Quick Tour¶
Here is a quick guide on using Olive for model optimization. We will focus on accelerating a PyTorch model on the CPU. It is a simple three step process.
Install Olive and necessary packages.
You can install olive using pip install.
pip install olive-ai
Describe your model and your needs in a json configuration file. This will be the input to the Olive.
Olive needs information about your model. For example, how to load the model, name and shape of input tensors. You can also select the target hardware and list of optimizations you want to perform on the model. You can provide this information in a json file as an input to the Olive.
Accelerate the model using Olive.
The last step is the simplest one. You just need to run following simple command.
python -m olive.workflows.run --config my_model_acceleration_description.json
or in python code:
from olive.workflows import run as olive_run
olive_run("my_model_acceleration_description.json")
Note
olive.workflows.run
in python code also accepts python dictionary equivalent of the config JSON object.
You can use setup mode python -m olive.workflows.run --config my_model_acceleration_description.json --setup
to identify list of additional packages you may need to install for your workflow.

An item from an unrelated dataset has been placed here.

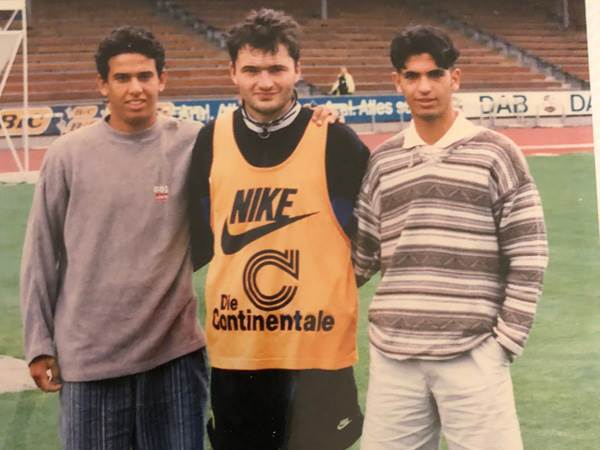 סאסי ודהאן לצד שפויזאט (פרטי)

Information needed to accelerate a model¶
Typically, you need to have input model information such as model type, input names and shapes, where the model is stored. You would also know your desired performance requirements in terms of Latency, Accuracy etc. Along with this information you need to provide Olive list of model transformations and optimizations you want to apply. Optionally you can also select target hardware and select additional Olive features. Now, let’s take a look at how you can include this information in the json configuration file you will use as an Olive input.
Input Model¶
Let’s use a PyTorch resnet model as an example which you can describe in the json file as follows. You can use any PyTorch model.
"input_model":{
"type": "PyTorchModel",
"config": {
"model_path": "resnet.pt",
"io_config": {
"input_names": ["input"],
"input_shapes": [[1, 3, 32, 32]],
"output_names": ["output"],
}
}
}
It is possible to provide additional information such as dataset you want to use. You could also directly select HuggingFace model and task. See Input Model configuration for more information.
Performance Requirement¶
Let’s assume you want to optimize for latency and provide the following information to the Olive evaluator, which is responsible to measure the performance metric.
"evaluators": {
"my_evaluator":{
"metrics":[
{
"name": "my_latency_metric",
"type": "latency",
"sub_types": [{"name": "avg"}]
}
]
}
},
You can also specify accuracy requirements. See Evaluator for more information.
Passes to apply¶
Olive can apply various transformations and optimizations, also known as passes, on the input model to produce the accelerated output model. See Passes for the full list of passes supported by Olive.
Let’s apply ONNX conversation and use dynamic quantization technique to quantize the model by specifying following in the json file.
"passes": {
"onnx_conversion": {
"type": "OnnxConversion",
"config": {
"target_opset": 13
}
},
"quantization": {
"type": "OnnxDynamicQuantization"
},
}
Olive Engine¶
Finally, you can select Olive features such as which performance metrics you want to use in this run, verbosity level etc.
"engine": {
"log_severity_level": 0,
"evaluator": "my_evaluator"
}
Now you have a complete json file that you can use to accelerate the resnet model. For more detailed information about all the features supported by Olive, please refer to the Olive Options and Tutorials.
{
"description" : "Complete my_model_acceleration_description.json used in this quick tour",
"input_model":{
"type": "PyTorchModel",
"config": {
"model_path": "resnet.pt",
"io_config": {
"input_names": ["input"],
"input_shapes": [[1, 3, 32, 32]],
"output_names": ["output"],
}
}
},
"evaluators": {
"my_evaluator":{
"metrics":[
{
"name": "my_latency_metric",
"type": "latency",
"sub_types": [{"name": "avg"}]
}
]
}
},
"passes": {
"onnx_conversion": {
"type": "OnnxConversion",
"config": {
"target_opset": 13
}
},
"quantization": {
"type": "OnnxDynamicQuantization"
},
},
"engine": {
"log_severity_level": 0,
"evaluator": "common_evaluator"
}
}